##### SUPPLIED DATA #####
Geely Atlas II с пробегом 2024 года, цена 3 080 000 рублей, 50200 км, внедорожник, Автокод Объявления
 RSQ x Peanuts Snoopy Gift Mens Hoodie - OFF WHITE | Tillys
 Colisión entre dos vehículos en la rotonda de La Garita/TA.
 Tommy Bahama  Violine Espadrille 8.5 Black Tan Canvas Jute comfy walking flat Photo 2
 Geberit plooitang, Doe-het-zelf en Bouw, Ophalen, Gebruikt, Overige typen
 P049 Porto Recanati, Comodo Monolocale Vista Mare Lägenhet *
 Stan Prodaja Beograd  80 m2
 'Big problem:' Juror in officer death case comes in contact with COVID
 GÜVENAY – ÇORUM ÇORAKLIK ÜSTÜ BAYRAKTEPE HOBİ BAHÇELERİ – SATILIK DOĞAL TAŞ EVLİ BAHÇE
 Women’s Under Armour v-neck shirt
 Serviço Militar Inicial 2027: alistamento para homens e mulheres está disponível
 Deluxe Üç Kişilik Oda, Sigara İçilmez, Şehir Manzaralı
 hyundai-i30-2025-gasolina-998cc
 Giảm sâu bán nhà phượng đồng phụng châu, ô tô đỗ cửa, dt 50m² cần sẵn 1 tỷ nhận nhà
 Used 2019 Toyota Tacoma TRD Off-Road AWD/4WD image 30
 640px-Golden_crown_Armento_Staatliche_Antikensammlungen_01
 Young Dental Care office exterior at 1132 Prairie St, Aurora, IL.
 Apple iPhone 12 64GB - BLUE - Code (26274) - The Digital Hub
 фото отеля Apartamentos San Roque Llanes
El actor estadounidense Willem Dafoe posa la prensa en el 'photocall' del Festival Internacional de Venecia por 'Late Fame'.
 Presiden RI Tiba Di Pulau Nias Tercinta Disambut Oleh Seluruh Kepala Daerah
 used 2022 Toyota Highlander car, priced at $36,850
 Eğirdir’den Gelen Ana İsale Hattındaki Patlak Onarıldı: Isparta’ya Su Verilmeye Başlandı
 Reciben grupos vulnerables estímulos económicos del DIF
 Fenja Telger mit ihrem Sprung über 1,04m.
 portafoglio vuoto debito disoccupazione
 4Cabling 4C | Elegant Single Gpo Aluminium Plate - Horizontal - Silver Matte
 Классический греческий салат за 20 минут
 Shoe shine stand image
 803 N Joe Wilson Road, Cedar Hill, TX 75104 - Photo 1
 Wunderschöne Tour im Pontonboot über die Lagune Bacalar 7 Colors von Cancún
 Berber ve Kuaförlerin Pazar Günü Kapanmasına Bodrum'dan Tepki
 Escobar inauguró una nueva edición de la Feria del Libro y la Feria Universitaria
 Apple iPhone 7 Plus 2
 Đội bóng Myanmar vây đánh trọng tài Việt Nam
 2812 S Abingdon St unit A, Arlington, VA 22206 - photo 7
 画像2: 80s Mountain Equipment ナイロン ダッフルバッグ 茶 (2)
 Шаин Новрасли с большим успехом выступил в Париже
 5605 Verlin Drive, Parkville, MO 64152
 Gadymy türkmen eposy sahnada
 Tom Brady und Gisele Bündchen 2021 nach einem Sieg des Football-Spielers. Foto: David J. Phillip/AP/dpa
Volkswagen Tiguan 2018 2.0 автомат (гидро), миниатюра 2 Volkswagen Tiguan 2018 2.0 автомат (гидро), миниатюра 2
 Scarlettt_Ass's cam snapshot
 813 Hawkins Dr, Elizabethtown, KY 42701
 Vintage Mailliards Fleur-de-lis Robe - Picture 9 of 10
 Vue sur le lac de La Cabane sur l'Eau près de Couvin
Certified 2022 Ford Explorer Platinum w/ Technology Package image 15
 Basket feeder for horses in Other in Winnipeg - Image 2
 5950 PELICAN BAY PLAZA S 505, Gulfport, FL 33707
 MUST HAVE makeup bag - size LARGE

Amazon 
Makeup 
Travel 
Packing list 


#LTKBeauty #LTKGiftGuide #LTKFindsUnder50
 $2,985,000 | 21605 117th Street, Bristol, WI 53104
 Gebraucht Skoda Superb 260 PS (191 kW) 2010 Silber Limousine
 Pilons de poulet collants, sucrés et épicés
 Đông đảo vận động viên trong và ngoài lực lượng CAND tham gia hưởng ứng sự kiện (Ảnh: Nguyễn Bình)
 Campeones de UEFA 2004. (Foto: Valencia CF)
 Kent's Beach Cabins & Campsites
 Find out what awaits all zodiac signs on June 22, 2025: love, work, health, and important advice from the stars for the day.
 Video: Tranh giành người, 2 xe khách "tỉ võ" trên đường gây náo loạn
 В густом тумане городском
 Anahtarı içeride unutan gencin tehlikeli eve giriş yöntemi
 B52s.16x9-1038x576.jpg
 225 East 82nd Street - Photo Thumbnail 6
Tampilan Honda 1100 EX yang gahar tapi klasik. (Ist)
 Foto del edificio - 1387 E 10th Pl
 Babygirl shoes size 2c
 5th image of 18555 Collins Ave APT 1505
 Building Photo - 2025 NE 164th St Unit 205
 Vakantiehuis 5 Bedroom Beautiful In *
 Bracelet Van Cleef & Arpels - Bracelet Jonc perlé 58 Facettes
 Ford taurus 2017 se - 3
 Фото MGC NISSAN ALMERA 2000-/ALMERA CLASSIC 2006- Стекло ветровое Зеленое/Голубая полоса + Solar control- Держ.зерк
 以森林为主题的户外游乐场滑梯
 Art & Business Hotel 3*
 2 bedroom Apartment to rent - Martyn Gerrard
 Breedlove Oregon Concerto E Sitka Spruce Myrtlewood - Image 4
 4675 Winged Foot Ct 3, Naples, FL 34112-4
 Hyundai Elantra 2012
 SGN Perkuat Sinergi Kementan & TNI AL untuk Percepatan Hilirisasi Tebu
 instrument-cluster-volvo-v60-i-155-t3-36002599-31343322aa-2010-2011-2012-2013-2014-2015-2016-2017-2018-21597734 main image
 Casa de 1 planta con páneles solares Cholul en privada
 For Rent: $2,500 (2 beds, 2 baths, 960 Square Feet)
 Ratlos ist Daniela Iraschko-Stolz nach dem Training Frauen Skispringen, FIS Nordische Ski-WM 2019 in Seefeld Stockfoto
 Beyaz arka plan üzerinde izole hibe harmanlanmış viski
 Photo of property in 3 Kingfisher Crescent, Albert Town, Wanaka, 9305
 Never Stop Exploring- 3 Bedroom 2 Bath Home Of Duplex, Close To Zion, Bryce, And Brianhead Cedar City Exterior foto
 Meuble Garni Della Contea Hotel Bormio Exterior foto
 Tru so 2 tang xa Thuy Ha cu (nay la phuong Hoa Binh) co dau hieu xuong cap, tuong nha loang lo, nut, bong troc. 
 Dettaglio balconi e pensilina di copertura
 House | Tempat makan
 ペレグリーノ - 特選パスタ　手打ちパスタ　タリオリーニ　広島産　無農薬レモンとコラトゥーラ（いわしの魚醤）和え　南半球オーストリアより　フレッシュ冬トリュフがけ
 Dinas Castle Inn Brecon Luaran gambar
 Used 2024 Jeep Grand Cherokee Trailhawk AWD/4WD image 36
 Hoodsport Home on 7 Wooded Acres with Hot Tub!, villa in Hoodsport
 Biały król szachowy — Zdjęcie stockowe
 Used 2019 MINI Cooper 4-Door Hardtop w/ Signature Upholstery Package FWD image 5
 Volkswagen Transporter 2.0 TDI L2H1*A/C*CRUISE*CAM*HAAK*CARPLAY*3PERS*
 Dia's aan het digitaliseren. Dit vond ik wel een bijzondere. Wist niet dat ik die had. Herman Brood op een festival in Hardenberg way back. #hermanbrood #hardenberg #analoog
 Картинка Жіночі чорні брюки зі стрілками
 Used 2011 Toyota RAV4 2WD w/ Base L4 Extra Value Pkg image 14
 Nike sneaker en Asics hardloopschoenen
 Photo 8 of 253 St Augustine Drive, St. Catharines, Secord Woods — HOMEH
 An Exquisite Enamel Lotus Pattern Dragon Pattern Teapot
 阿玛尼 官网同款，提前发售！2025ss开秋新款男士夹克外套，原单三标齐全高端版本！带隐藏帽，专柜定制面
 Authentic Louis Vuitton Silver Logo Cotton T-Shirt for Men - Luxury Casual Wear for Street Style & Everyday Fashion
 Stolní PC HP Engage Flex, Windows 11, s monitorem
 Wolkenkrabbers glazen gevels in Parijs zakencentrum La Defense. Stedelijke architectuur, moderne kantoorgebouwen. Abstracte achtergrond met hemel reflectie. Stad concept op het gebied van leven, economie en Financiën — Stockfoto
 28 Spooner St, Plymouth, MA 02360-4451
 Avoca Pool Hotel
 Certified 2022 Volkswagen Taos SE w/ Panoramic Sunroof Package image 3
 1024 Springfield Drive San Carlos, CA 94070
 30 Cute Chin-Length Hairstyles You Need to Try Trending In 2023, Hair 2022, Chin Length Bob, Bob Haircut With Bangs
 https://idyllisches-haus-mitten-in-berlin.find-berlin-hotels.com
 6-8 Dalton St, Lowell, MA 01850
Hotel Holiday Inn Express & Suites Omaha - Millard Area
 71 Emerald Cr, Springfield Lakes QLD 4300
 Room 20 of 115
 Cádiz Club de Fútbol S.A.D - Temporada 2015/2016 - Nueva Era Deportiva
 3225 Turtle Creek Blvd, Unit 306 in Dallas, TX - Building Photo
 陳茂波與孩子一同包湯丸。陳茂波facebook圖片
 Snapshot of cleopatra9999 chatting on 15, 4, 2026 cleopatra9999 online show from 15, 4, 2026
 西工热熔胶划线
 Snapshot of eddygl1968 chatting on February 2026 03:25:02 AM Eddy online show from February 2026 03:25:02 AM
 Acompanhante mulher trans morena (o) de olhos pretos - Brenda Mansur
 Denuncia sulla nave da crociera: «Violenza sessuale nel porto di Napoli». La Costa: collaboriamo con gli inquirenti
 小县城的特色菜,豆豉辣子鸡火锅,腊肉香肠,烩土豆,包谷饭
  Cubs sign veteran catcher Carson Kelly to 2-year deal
#####
▶ WHAT THE TASK ASKS
The response must consist solely of the lines from the top of the records through the line holding "Escobar inauguró una", copied word for word.

▶ WRITTEN RESPONSE
Geely Atlas II с пробегом 2024 года, цена 3 080 000 рублей, 50200 км, внедорожник, Автокод Объявления
 RSQ x Peanuts Snoopy Gift Mens Hoodie - OFF WHITE | Tillys
 Colisión entre dos vehículos en la rotonda de La Garita/TA.
 Tommy Bahama  Violine Espadrille 8.5 Black Tan Canvas Jute comfy walking flat Photo 2
 Geberit plooitang, Doe-het-zelf en Bouw, Ophalen, Gebruikt, Overige typen
 P049 Porto Recanati, Comodo Monolocale Vista Mare Lägenhet *
 Stan Prodaja Beograd  80 m2
 'Big problem:' Juror in officer death case comes in contact with COVID
 GÜVENAY – ÇORUM ÇORAKLIK ÜSTÜ BAYRAKTEPE HOBİ BAHÇELERİ – SATILIK DOĞAL TAŞ EVLİ BAHÇE
 Women’s Under Armour v-neck shirt
 Serviço Militar Inicial 2027: alistamento para homens e mulheres está disponível
 Deluxe Üç Kişilik Oda, Sigara İçilmez, Şehir Manzaralı
 hyundai-i30-2025-gasolina-998cc
 Giảm sâu bán nhà phượng đồng phụng châu, ô tô đỗ cửa, dt 50m² cần sẵn 1 tỷ nhận nhà
 Used 2019 Toyota Tacoma TRD Off-Road AWD/4WD image 30
 640px-Golden_crown_Armento_Staatliche_Antikensammlungen_01
 Young Dental Care office exterior at 1132 Prairie St, Aurora, IL.
 Apple iPhone 12 64GB - BLUE - Code (26274) - The Digital Hub
 фото отеля Apartamentos San Roque Llanes
El actor estadounidense Willem Dafoe posa la prensa en el 'photocall' del Festival Internacional de Venecia por 'Late Fame'.
 Presiden RI Tiba Di Pulau Nias Tercinta Disambut Oleh Seluruh Kepala Daerah
 used 2022 Toyota Highlander car, priced at $36,850
 Eğirdir’den Gelen Ana İsale Hattındaki Patlak Onarıldı: Isparta’ya Su Verilmeye Başlandı
 Reciben grupos vulnerables estímulos económicos del DIF
 Fenja Telger mit ihrem Sprung über 1,04m.
 portafoglio vuoto debito disoccupazione
 4Cabling 4C | Elegant Single Gpo Aluminium Plate - Horizontal - Silver Matte
 Классический греческий салат за 20 минут
 Shoe shine stand image
 803 N Joe Wilson Road, Cedar Hill, TX 75104 - Photo 1
 Wunderschöne Tour im Pontonboot über die Lagune Bacalar 7 Colors von Cancún
 Berber ve Kuaförlerin Pazar Günü Kapanmasına Bodrum'dan Tepki
 Escobar inauguró una nueva edición de la Feria del Libro y la Feria Universitaria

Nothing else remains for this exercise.